We began with ideal conditions where I dished out the homework. Probably the most challenging and beneficial work came in the quarry where all riders were taken out of their comfort zone. Despite the fears of falling off a bank or flipping their bikes it was the safest place to practice keeping their knees gripping the seat and arms bent while freaking out. It was to be very useful for the next two days.
They were all pretty tuckered out after five hours of riding so time was called for an early dinner where the few hours of energy that they had left were used making the most of the winter darkness playing spotlight.
Fresh after the nights sleep we had a great mornings ride, including an excursion around the trail loop before the rain began. A compulsory rest during the downpour left them fresh for one more burst, this time on a much wetter track. Eventually all the young ones were drawn to the mini track with one puddle in particular. That burst was ok so long as it was their last ride of the day as they all learned what water can do to an air filter. Cleaning and maintenance were the lessons learnt that afternoon before relaxing to MX DVD’s and more spotlight.

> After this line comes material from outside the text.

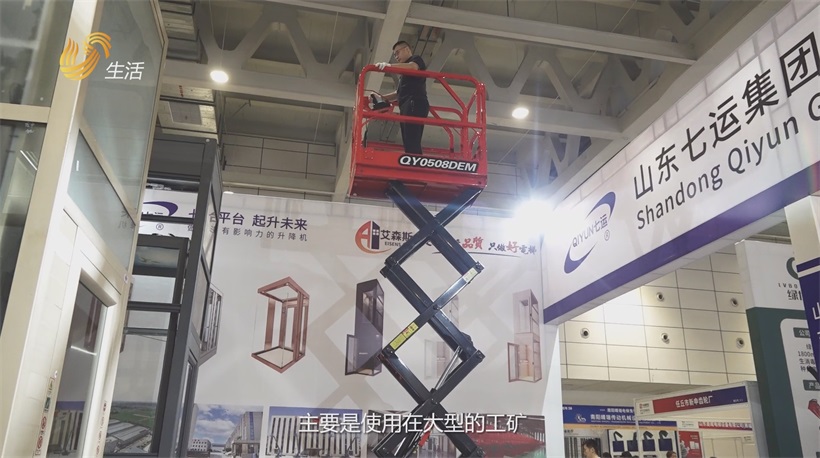 山东七运集团深耕技术创新，推动电梯行业转型升级(图8)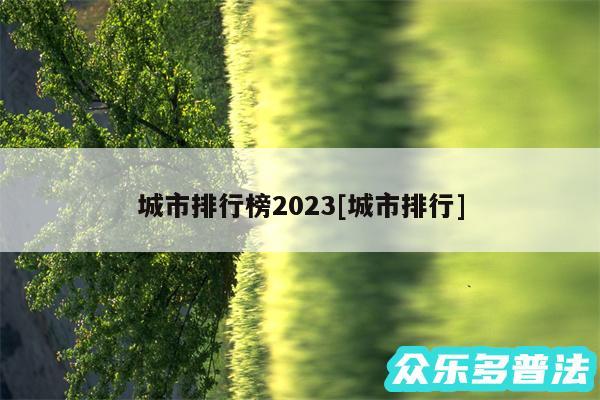 城市排行榜2024及城市排行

Day three was the real test of technique as the bikes were sliding around non stop. That didn’t get them off the hook though; this was intensity day and they were forced to push their entry speed into turns, even if they were going to have to pick up the bike a few times. At least the ground was soft!
Some of them got some serious confidence on the mini track, and then it came time to hit the main circuit. At first this threw many of them so the rest of the day was teaching them how to work with chaos. More on that in my next How Too article for DRD. Basically we sent them away with muddy bikes and plenty to think about, and reason for a good nights sleep!